Jean Montgomery Thomson married John Hamilton Fulton in 1895. The Fultons are also a Scottish family who lived in Montreal and environs. She was born in 1874 and gave birth to two sons, John Thomson and Alexander Hamilton in 1900 and 1908, respectively. The family initially lived in New Orleans, LA, where John was a banker. John Fulton rose to the Presidency of the National Park Bank of New York, and the family apparently lived at 11 East 68th Street in New York City.
From about 1923, John Hamilton Fulton owned “Braidlea,” an estate/farm in Essex, NY, on Lake Champlain. John Fulton died in 1927, at the age of 59 . “Braidlea” was put on the market in1930. A sheet of letterhead paper in the file reveals that Braidlea was “Breeders of Holstein cattle, White Leghorn poultry and sheep, apples, eggs, potatoes, hay.” There was a Manager/Superintendent, as Fulton plainly was no farmer except in name.
John H. Fulton was apparently the second oldest of seven siblings. He had an interest in the Fulton/Hamilton genealogy, and his papers on the subject can be found in Box 5, Folder #1, Fulton Family Series. John and Jean Fulton’s elder son, John Thomson, died at the age of 30 in Guelph, Ontario, but Alexander Hamilton Fulton lived to the age of 78, and died in Plattsburgh, NY where he had lived for some time. Being without issue, he left his estate (exclusive of some bequests) to the President and Fellows of Middlebury College, with whom he had served with distinction as a Trustee.

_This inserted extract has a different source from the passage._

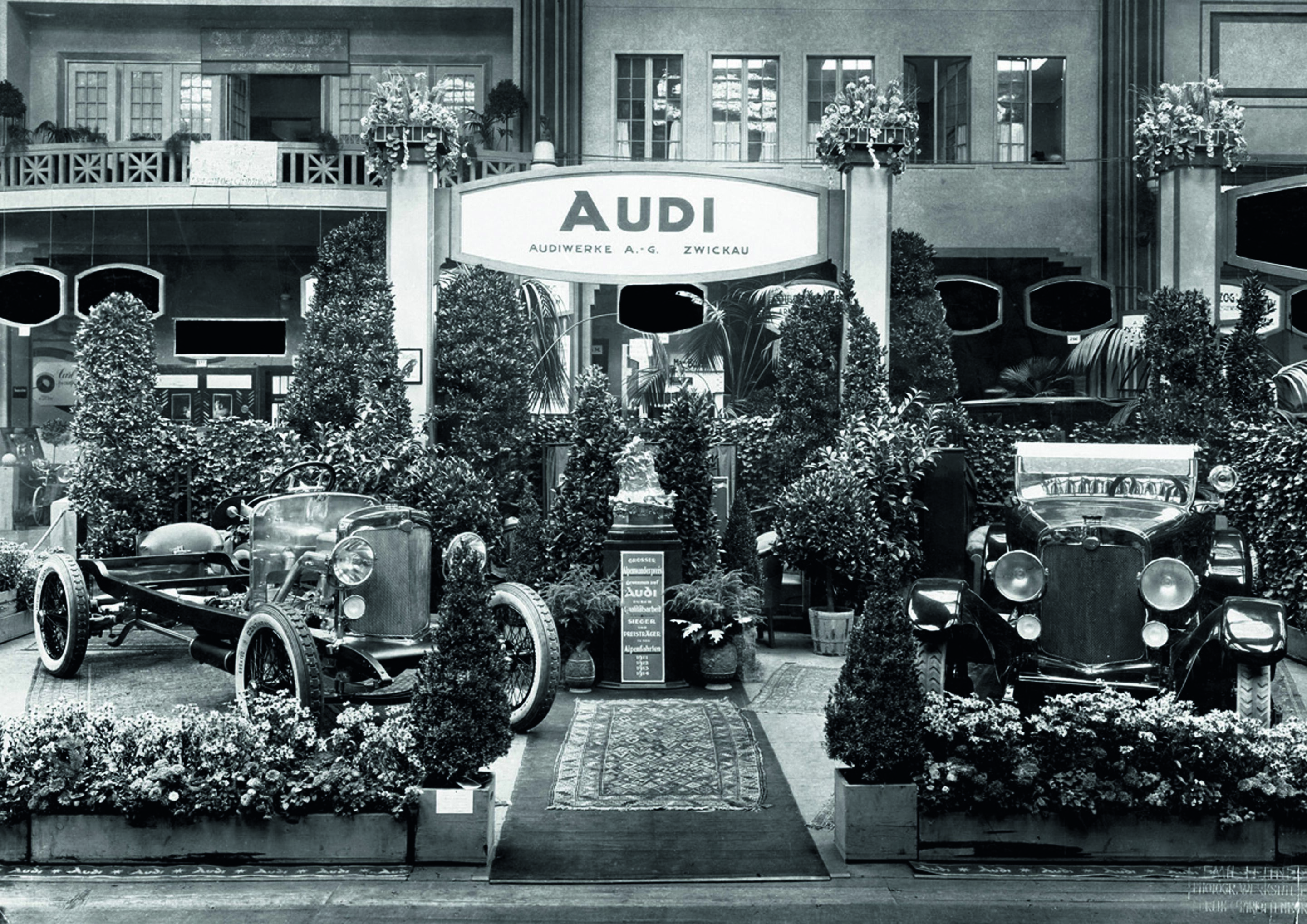 Anniversary magazine History - September 1921 - the new Audi Type K at the motor show in Berlin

Much of the pertinent information about Alexander Hamilton Fulton can be found in the Middlebury College Catalogue in his entry as a Trustee. He attended The Hotchkiss School and Yale, but his time in university was interrupted by a serious illness, and he did not earn a degree at any institution. “Alec” was but 19 years old when his father died, and 21 or so when his elder brother died. These emotional blows may have contributed to his illness, which has not been named. He was thereafter an autodidact with a special interest in meteorology. He evidently enhanced this self-education by extensive foreign travel. It may be that as the only surviving son of a wealthy and accomplished father, he preferred a quiet life of study and travel and eschewed competition. His needs evidently were met without his having a profession or career, enabling him to further worthy causes, and to serve Middlebury College as a valued Trustee.